JC: I think the mix of restaurants and bars here in the port is good. There is a Sports Club with loads of facilities – gym, squash courts, yoga and a bunch of other classes. The yacht club also has rowing and sailing sessions. There are really so many things to do in Montenegro. It’s just a matter of getting out and finding them.
PJ: Can you tell me about your experiences outside of the port?
JC: We have been quite lucky arriving at the start of winter, whilst we were busy with the new build and winter work, we have been able to take the car at weekends to go and explore. I think we’ve done around 10,000km of driving around Montenegro so far. We’ve been to Zabljak a couple of times and Kolasin half a dozen times, for a mixture of snowboarding and hiking. There is also rafting and loads of other adventure sports to do up there. It’s great being so high up, the scenery is amazing! Going from the capital up to Kolasin, up the winding valley roads, it’s gorgeous and with the change in seasons, especially winter, it’s all snow-capped mountains, spring it starts to melt away and everything looks fresh, whilst now in summer it’s so lush and green. When we’ve been up in the mountains we’ve stayed with locals via Air B’n’B. They’re so friendly and welcoming, introducing us to the local cuisine and even the rakija (a local grappa). Experiencing these things is all part of being in a new country and I think we have been really lucky to see what we have in the last 7-8 months.
PJ: What benefits do you see from a financial standpoint of being based in Porto Montenegro?
JC: I think when we joined the boat we had the opportunity of going to the Balearics, South of France or over this way, the cost difference over six months and even a month was quite substantial. It is definitely a lot cheaper here in Montenegro than the South of France or the Balearics and not just in terms of the berth. There are really good contractors here meaning maintenance is a lot better value for money. Also, if you have a large crew, just feeding them can be costly, but here it will be half the price. On a long term basis I can see it has vast benefits.
PJ: So is it just a question of value for money?
JC: Oh no, it’s about the service standards. In the South of France you’ll wait a day or so to get something done. Here, if you ask for something to get done within the hour it actually happens, it’s the standard level of service here. Also, if you want to leave your berth they very rarely keep you waiting longer than 15 minutes! It’s definitely up there with the best marinas in the world in terms of service and facilities.
PJ: What does the Adriatic offer in comparison to the traditional grounds in the South of France?

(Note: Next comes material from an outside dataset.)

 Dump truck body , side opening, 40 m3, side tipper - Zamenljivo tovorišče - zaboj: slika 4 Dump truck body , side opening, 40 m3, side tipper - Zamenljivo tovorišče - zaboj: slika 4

JC: Berths! If you try to go down to the South of France, even if you want to go back to the same marina you’ve been to for the last few seasons, there is unlikely to be availability. It’s so difficult to get a berth down there or if you are lucky enough to find one, you are changing it every 2 weeks or even having to move marinas, which could be 30nm down the coast. Here, we have taken an annual license, and can sit in the same berth throughout winter to do work on the boat, and prepare for the summer season without any hassles. The marina is in a great position to explore Croatia, pop down to Greece and even go along the Italian coast. That’s one of the main attractions of this place, you’ve got so many anchorages nearby. In the South of France you’ll go along the coast and it’s absolutely packed. People are always fighting for anchorages, but here you can anchor quite easily, and you can usually sit there and enjoy it for a couple of days.
PJ: So, what’s on your summer cruising itinerary?
JC: Croatia. Taking a trip down from Split visiting Korčula and Hvar and stopping at various anchorages around that way. There are
so many islands available to you, and lots of sheltered spots. For a longer trip, I’d probably venture up from Split and do the coast towards Venice. I’ve also got an itinerary planned for Greece. Generally, picking out an itinerary is quite easy because there’s so many anchorages in this part of the Med and if you use an agent they can send you lots of suggestions. We’re in a hub here, with the Ionian Islands and Corfu only a day’s sail away, which then takes you onto the Aegean Islands and the Corinth Canal.